Despite its costs, the pending round of plant improvements promises to be far less controversial than its original construction, which required that Town streets be torn up to lay new sewer lines.
It wasn’t just the temporary inconvenience of driving on gravel and sand-filled streets or having to navigate over bumpy culverts to enter and back out of driveways that fueled initial opposition. Long-range concerns were voiced as well.
“Opposition rose from those who feared life would change forever in La Conner as a result of the plant’s construction,” Hood wrote in his popular essay, “A Thumbnail History of La Conner.”
Ultimately, those in favor of the treatment plant won out and an aging septic system was replaced. No longer could residents near the waterfront watch their toilet paper flush into Swinomish Channel. Gone, too, was the network of meandering ditches that dotted the town and often filled with waste overflow.
As many predicted, a wave of commercial and residential investment followed.

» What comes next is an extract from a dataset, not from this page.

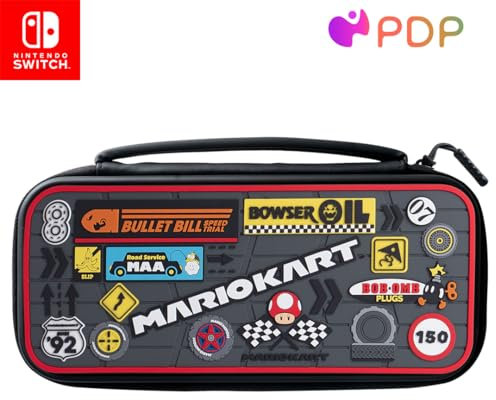 PDP Gaming Offiziell Lizenziert Switch Console Case - Mario Kart - Works mit Switch OLED & Lite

Property values increased, but so, too, did the cost of living.
“Development of La Conner’s present tourist-driven, service-based economy began in earnest,” Hood noted. “Sleepy, backwater, bohemian La Conner started to reawaken to 20th century realities.”
In addition to the Town of La Conner, the plant serves Swinomish Village, the Port of Skagit’s La Conner Marina and the Hope Island residential area. It receives wastewater through its collection system, septage delivered by haulers and biosolids trucked in from other treatment plants.
Over time, under Wynn’s direction, the La Conner plant has evolved into a model within the wastewater treatment industry, most notably via its conversion of biosolids – nutrient-rich sewage sludge that can be used as soil conditioner – into a valued revenue source.
According to Erik Gunn, writing in the contracting’s industry Dig Different, biosolids from the La Conner plant were originally sent to Eastern Washington for application on farmland there. After ferries began delivering San Juan Islands waste to the La Conner plant, enough biosolids were on site to create compost – a much in demand product among large-scale commercial users.
“Nobody much wants to deal with septage, but for us it works and it’s cheap,” Wynn said during a plant tour last year. “Our capacity allows us to receive and compost.”
Hayes would like nothing better than for the plant to be on the receiving end of federal funding as well.
“I’m hopeful the infrastructure bill will go through,” Hayes said, “and that we can be in on it.”